CEVAP
1- Peygamber efendimiz, (İlmi olan ilminden, malı olan malından sadaka versin) buyuruyor. (İbni Sünni) Azca-çok sadaka vermelidir! Sadakayı, isteyen dilencilere değil, muhtaç olup isteyemeyen fakirlere vermek gerekir. Şeytan düşmandır. Normal olarak malı hayra harcamaya engel olur.
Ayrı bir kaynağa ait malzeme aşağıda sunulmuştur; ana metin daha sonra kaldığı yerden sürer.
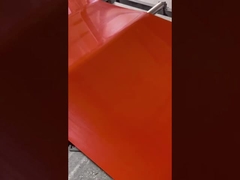 ورق سیلیکون، رول سیلیکونی اندازه 1 میلی متر، 1.5 میلی متر، 2 میلی متر، 3 میلی متر، 4 میلی متر، 5 میلی متر، 6 میلی متر، 8 میلی متر، 10 میلی متر X 1.2 متر X 10 متر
Hadis-i şerifte buyuruldu ki:
(İblis, en şiddetli adamlarını [militanlarını] malını hayra sarf edene musallat eder.) [Taberani]
Kur’an-ı kerimde de mealen buyuruluyor ki:
(Şeytan, malınızı hayra sarf ettirmemek için sizi yoksullukla korkutur, pinti olmanızı ister. Tanrı ise, [hayra sarfedene] mağfiret, lütuf, bolluk vaad eder.) [Bekara 268]
Şeytanın vesvesesine aldanmayıp Allahü teâlânın vaadine koşmalıdır!
2- Bazı kimselerin, (Evin, arabanın taksidini ödeyemedim, evlatların okul harcaması oldukça) diyerek yardım istemeleri doğru değildir. Hepimiz ayağını yorganına gore uzatmalıdır! Peygamber efendimiz, yemin ederek, (İsteyene verdiğim sadaka ateş olur) buyurunca, Hazret-i Ömer, (Ya Resulallah, öyleyse niçin veriyorsunuz?) diye sorunca, sonucunda (Ben cimrilik yapamam) buyurdu. (Ebu Ya’la)
Ek olarak isteyici olan, hiçbir süre sıkıntıdan kurtulamaz. Hadis-i şeriflerde buyuruldu ki:
(İsteyici, darlığa düşer.) [İ.Ahmed]
(Dünyayı ahirete tercih edenin sıkıntısı asla eksilmez, ihtiyaçtan kurtulamaz, doymak bilmeyen bir hırsa kapılır.) [Taberani]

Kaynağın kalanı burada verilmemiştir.